Each line in the records below that has the word "Taschenbuch" should be copied.
(Provided data)
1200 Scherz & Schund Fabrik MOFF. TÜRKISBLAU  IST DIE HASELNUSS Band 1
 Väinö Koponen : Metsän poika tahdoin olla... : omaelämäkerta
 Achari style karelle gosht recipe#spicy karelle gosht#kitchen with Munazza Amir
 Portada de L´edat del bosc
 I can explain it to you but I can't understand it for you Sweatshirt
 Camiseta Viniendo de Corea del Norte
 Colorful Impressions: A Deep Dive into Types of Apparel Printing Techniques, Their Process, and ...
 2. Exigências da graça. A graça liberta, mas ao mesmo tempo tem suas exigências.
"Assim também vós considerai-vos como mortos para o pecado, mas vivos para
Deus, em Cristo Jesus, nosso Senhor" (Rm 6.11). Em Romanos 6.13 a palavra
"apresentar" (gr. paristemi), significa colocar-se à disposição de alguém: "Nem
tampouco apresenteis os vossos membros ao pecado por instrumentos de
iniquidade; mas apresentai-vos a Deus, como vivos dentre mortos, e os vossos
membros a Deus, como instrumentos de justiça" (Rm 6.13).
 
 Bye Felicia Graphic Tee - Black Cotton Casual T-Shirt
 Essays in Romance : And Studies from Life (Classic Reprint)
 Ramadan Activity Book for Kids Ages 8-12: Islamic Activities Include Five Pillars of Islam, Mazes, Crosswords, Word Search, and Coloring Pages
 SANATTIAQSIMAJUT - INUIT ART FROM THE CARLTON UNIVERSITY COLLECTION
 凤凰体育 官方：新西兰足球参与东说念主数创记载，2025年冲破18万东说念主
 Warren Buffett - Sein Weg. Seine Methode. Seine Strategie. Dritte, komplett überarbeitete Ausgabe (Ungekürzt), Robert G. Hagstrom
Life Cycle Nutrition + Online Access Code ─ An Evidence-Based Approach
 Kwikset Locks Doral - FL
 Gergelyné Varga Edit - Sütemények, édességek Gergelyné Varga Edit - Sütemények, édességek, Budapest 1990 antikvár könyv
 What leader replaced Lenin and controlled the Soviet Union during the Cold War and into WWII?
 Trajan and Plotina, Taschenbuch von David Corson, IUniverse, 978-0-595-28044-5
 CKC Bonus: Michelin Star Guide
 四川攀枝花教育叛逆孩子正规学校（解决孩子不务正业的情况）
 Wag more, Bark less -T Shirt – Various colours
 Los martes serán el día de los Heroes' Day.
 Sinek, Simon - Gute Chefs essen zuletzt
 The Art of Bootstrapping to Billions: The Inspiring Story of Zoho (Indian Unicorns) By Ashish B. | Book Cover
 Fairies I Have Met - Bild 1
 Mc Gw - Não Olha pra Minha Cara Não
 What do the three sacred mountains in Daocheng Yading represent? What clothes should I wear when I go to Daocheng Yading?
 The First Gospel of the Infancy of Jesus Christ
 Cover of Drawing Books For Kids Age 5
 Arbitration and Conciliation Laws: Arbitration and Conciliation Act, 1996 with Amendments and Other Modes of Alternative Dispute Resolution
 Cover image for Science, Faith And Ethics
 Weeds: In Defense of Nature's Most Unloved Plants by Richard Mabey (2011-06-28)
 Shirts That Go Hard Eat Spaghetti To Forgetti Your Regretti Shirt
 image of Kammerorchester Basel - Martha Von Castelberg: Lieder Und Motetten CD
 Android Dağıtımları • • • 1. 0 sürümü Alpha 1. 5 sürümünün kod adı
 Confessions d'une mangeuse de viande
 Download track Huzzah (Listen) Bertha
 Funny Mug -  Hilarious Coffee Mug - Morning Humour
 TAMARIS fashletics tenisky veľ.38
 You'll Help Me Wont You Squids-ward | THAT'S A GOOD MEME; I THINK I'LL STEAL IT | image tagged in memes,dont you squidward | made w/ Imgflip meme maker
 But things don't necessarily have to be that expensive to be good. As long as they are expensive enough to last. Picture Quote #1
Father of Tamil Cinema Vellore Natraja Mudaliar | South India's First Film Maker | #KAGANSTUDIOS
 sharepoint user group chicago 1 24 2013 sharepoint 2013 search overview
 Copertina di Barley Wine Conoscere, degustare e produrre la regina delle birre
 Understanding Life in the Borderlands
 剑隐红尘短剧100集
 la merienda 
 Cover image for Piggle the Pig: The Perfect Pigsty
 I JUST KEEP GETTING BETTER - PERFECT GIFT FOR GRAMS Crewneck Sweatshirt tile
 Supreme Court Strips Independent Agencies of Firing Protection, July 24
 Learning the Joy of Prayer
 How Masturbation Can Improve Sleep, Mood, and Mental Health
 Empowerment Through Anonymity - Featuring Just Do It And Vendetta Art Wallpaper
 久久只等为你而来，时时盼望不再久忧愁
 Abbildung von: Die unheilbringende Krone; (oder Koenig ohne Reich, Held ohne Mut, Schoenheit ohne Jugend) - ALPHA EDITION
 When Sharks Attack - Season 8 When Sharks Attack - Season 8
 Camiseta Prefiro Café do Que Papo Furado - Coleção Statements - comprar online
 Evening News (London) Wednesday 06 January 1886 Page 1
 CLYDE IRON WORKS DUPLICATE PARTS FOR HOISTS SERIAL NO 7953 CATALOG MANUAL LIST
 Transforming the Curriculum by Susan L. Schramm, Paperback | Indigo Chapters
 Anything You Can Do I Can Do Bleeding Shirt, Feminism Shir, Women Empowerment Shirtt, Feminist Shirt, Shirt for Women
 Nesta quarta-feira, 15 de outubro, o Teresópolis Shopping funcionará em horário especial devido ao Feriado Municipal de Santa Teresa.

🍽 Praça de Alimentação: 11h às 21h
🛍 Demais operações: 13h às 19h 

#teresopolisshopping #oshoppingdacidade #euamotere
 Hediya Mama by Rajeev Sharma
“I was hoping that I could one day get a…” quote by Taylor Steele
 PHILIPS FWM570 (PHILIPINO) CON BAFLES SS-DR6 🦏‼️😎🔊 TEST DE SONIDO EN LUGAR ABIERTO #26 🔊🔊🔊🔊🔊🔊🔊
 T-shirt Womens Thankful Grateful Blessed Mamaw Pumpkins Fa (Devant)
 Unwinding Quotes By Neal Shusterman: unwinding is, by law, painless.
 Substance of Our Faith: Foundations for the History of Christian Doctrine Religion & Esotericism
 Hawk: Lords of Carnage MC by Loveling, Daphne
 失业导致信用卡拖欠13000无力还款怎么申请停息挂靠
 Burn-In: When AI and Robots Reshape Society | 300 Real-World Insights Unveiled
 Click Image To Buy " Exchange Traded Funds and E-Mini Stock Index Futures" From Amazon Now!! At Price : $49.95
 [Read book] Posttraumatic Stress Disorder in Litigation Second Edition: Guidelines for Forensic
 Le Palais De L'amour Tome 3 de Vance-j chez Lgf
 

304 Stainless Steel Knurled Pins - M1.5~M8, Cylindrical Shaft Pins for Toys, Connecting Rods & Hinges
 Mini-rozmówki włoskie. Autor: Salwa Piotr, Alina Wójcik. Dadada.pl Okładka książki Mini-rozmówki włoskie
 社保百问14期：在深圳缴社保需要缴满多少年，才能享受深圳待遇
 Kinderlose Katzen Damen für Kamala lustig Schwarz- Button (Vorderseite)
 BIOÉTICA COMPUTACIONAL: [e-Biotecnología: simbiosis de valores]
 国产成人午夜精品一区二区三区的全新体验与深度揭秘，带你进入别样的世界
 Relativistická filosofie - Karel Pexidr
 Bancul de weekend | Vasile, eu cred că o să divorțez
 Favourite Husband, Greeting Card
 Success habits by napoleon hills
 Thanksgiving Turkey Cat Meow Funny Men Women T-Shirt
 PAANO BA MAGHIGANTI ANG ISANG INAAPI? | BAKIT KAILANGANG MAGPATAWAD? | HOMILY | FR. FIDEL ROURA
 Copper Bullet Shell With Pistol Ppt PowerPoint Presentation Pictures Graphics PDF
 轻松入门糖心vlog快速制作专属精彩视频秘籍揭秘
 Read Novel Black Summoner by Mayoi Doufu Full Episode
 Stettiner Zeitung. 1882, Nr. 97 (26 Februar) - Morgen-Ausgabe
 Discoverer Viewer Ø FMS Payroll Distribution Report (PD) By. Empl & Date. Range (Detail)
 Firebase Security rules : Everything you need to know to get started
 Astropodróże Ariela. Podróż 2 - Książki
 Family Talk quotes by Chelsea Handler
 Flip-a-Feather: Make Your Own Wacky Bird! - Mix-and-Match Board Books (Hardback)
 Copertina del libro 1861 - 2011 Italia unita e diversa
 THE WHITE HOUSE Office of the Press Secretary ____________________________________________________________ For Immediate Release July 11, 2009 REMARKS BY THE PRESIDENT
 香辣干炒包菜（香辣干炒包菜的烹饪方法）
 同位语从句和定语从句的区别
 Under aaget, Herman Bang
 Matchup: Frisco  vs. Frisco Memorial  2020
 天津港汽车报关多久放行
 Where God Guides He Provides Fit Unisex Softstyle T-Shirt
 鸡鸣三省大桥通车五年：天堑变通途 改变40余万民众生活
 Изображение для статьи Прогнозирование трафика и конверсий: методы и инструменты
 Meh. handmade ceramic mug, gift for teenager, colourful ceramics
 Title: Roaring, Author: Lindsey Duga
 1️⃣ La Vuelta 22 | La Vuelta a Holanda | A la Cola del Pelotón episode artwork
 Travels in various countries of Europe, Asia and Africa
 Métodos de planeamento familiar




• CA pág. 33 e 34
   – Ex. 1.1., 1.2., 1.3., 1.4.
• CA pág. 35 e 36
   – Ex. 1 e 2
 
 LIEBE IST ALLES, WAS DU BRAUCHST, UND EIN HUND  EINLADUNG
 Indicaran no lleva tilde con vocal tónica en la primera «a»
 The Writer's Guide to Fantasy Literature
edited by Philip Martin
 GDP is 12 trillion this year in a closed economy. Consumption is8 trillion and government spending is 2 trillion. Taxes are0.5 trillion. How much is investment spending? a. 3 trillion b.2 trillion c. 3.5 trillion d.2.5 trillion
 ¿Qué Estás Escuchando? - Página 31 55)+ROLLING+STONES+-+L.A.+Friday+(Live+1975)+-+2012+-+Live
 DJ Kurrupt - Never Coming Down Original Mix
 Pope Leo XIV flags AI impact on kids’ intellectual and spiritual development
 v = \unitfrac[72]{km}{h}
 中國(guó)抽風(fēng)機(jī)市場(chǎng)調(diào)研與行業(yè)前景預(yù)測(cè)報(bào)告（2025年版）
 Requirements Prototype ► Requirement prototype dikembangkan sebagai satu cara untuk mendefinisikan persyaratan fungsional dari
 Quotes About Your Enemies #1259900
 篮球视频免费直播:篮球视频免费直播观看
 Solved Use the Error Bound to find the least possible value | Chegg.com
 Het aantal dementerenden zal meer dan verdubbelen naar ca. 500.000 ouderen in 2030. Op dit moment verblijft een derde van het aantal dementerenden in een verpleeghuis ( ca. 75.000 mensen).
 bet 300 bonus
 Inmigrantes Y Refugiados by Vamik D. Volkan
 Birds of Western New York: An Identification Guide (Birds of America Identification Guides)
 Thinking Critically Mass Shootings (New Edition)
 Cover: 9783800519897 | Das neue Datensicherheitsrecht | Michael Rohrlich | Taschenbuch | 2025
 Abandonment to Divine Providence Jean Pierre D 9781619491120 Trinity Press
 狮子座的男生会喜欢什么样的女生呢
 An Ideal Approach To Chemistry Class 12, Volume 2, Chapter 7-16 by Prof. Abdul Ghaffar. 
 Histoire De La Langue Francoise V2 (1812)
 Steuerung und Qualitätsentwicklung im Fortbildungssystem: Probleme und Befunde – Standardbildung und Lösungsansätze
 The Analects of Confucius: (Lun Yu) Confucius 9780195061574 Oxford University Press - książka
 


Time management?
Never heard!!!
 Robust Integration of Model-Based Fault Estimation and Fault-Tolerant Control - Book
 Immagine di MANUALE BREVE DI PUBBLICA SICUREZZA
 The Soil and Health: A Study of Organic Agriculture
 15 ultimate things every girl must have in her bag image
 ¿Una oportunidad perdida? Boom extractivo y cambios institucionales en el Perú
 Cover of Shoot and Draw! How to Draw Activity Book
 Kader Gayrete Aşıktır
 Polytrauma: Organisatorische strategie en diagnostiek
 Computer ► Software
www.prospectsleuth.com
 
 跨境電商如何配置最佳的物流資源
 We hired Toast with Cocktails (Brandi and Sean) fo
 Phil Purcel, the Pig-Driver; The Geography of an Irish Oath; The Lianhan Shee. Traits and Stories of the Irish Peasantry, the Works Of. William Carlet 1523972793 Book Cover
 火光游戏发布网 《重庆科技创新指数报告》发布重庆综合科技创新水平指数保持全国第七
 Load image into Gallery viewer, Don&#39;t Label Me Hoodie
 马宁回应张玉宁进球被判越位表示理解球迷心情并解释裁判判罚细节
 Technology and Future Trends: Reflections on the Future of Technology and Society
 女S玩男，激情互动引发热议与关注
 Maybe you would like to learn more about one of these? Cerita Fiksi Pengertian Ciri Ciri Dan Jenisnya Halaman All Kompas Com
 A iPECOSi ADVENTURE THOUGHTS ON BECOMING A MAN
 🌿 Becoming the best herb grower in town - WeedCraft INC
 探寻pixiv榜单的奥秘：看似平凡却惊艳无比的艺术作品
(End Provided data)
Result
 Trajan and Plotina, Taschenbuch von David Corson, IUniverse, 978-0-595-28044-5
 Cover: 9783800519897 | Das neue Datensicherheitsrecht | Michael Rohrlich | Taschenbuch | 2025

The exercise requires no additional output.